The renewal of African Growth and Opportunity Act (AGOA) sees opportunities for Africa’s skillful textile industry; however certain regional economies are failing to fully benefit from the arrangement due to power challenges.
AGOA is a trade programme providing duty-free treatment to US imports of certain products from select sub-Saharan African (SSA) countries.
(READ MORE: USA looking for AGOA legislation renewal)
The textile industry is one area that has utilised the opportunities created by AGOA.
“Throughout Africa, we have tremendous benefits with AGOA as countries like Lesotho has about 35,000 employed almost exclusively exporting to the US,” Belinda Edmonds, executive director of Africa Cotton and Textiles Federation told CNBC Africa.
“Other countries that are developing fast are Kenya which is now the biggest exporter of apparel from Africa as of 2014. Ethiopia is also charging ahead with very significant figures,” she added.
Edmonds said, in 2014, Africa exported just under a billion US dollars’ worth of apparel to the US under AGOA.

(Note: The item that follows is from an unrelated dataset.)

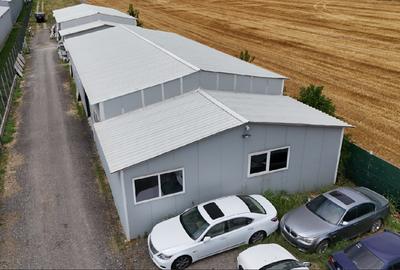 CIOLPANI, LOT 5.000 MP, HALE INDUSTRIALE! - 4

She also said South Africa in relation to her regional peers had a much more skilled and slightly more expensive labour force which was straining growth potential.
“The growth potential in South Africa is more challenging but not necessarily impossible as there are some firms doing fantastic job domestically like exporting fashion items,” she said.
“The big growth for employment needs to be in the bulk market but South Africa tends to be a little more expensive.”
Edmonds said South Africa’s power issues have hampered the country’s competitiveness in terms of building or sustaining the textiles industry which could have been a great feeder for the rest of Africa adding that there was shortage of textile products in the African continent.
I think it is going to be significant especially if one looks at companies that are already trading in the SADC region.